À propos de cet article, la première question soulevée par les analystes a trait au fait qu’il omet d’autres installations dangereuses, telles que certaines usines chimiques ou installations pétrolières. Tandis que d'autres – plus idéalistes - jugent nécessaire d'inclure les centrales de production d'énergie électrique : ce qu'évidemment, les stratèges militaires refusent. La question est posée : étant donné ces effets sur les non-combattants, est-ce que les installations d'énergie électrique sont des cibles militaires légitimes ?


PALESTINE : GAZA


La bande sous contrôle palestinien de Gaza est alimentée par trois sources d’électricité distinctes : Israël, l’Egypte, et sa propre centrale. Un total de 282 MW. Un chiffre déjà en-deçà des besoins de Gaza fixés à 350 MW pour «fonctionner» normalement. Ces trois sources cumulées offrent donc une couverture théorique de 80% des besoins de Gaza. Première source d’électricité, la centrale de Gaza offre une capacité totale de 217 MW, produits à partir de carburant liquide. Mais sa production dans les années 2000 n’a jamais dépassé les 140 MW. Avant d’être frappée par la stratégie d'Israël de priver d'électricité, le plus durablement possible les populations civiles.
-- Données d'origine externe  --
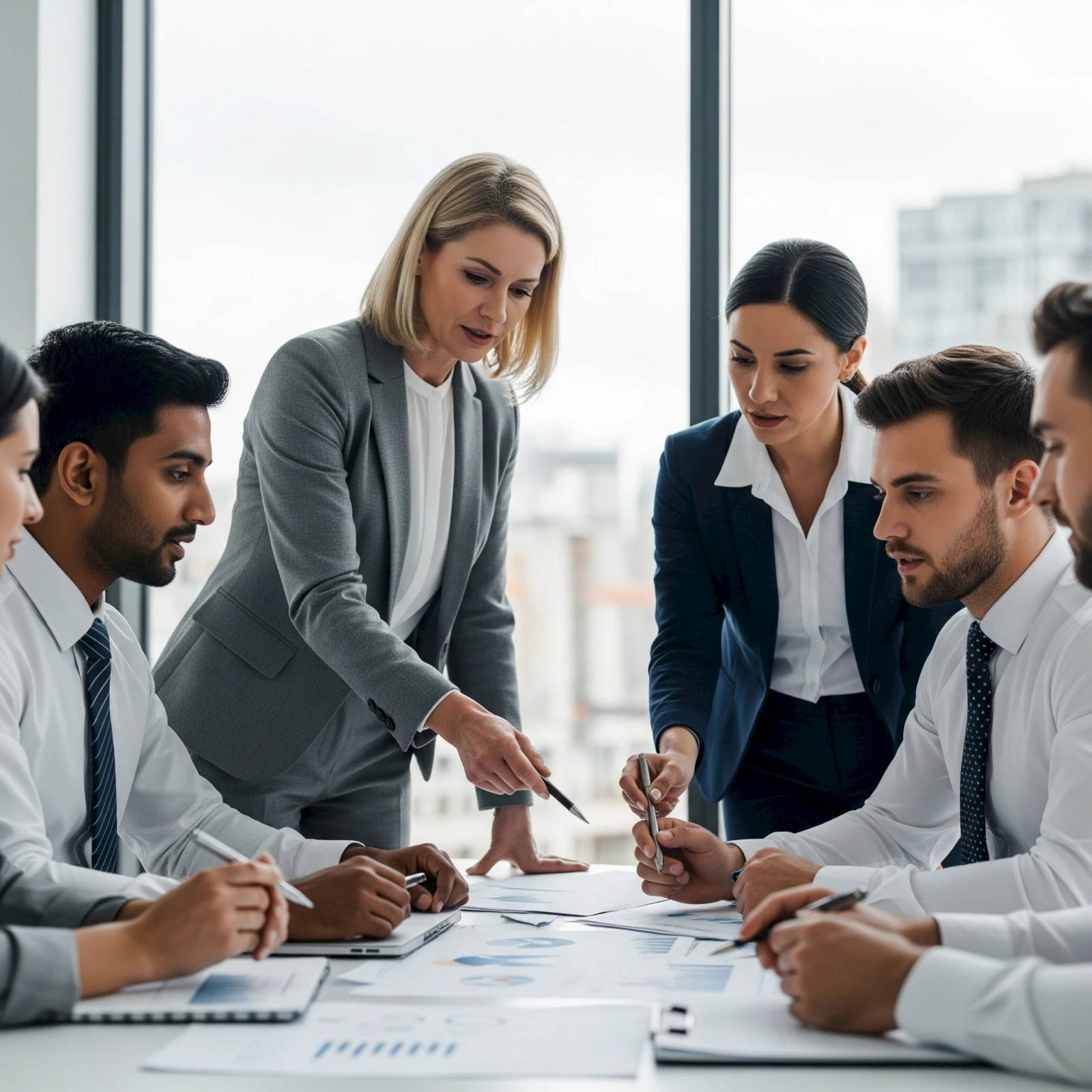 Ph. D. in Management: Empowering Strategic Visionaries for Global Impact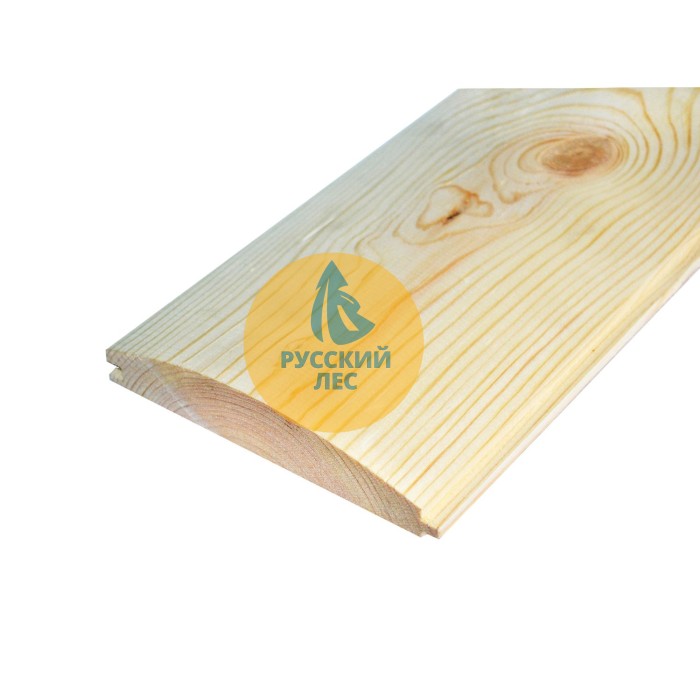 Блок Хаус 20х90x6000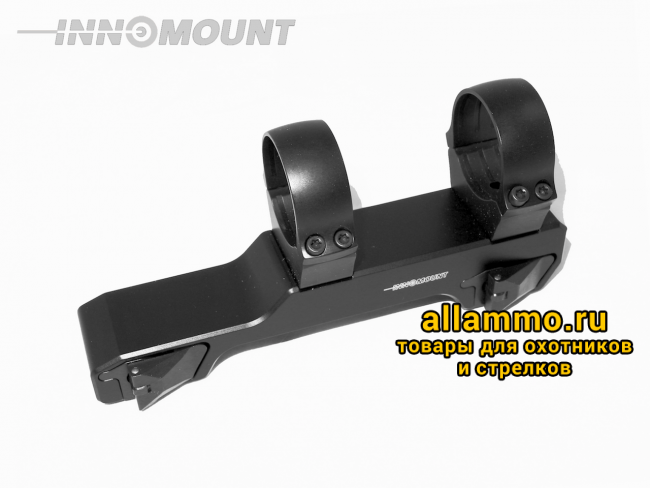 50-YP-27-00-520 Кронштейн Innomount на CZ550 под прицел  Yukon Photon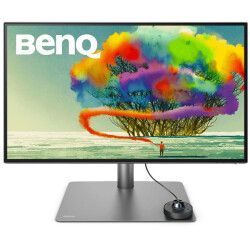 BenQ 9H.LJXLA.TBE PD2725U computer monitor 68.6 cm (27") 3840 x 2160 pixels 4K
Le 28 juin 2006, un avion des FAI [Forces Aériennes d'Israël] frappe la centrale électrique et endommage deux des six transformateurs, en représailles de la capture d'un soldat israélien et de la mort de deux autres, par des militants palestiniens liés au Hamas : «De 140 MW, nous sommes passés à 80 MW. Les dommages du bombardement n’ont jamais pu être complètement réparés», expliquait en 2011, le directeur de la centrale Rafiq Maliha. Le conflit avec Israël et le blocus économique instauré par l’Etat hébreu depuis la prise de pouvoir du Hamas en juin 2007 a durablement déréglé la machine énergétique de Gaza : centrale endommagée, quotas limités de carburant importés d’Israël (2 millions de litres par mois pour des besoins situés à 13 millions de litres mensuels). En outre, la grave crise énergétique de Gaza est, selon certains observateurs, une des conséquences des divisions politiques palestiniennes entre le Hamas et le Fatah.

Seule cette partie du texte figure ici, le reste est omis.